> [Try it] Which lines in the entries below contain the string "Cotton"? Show each of them in full.

> [Provided records]
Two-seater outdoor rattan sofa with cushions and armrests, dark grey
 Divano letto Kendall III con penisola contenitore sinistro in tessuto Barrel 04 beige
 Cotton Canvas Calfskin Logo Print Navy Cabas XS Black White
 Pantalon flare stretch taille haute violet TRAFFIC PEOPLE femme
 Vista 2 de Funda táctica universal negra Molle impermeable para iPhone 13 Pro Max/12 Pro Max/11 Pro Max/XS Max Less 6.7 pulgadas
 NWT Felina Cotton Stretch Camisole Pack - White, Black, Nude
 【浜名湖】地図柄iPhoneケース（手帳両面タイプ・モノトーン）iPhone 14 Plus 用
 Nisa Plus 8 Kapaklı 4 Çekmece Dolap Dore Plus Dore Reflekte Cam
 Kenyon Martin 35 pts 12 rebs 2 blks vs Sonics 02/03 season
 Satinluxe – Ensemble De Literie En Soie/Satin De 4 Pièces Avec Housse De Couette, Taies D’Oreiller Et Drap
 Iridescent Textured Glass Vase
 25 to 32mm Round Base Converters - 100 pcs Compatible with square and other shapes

> [Solved exercise]
 Cotton Canvas Calfskin Logo Print Navy Cabas XS Black White
 NWT Felina Cotton Stretch Camisole Pack - White, Black, Nude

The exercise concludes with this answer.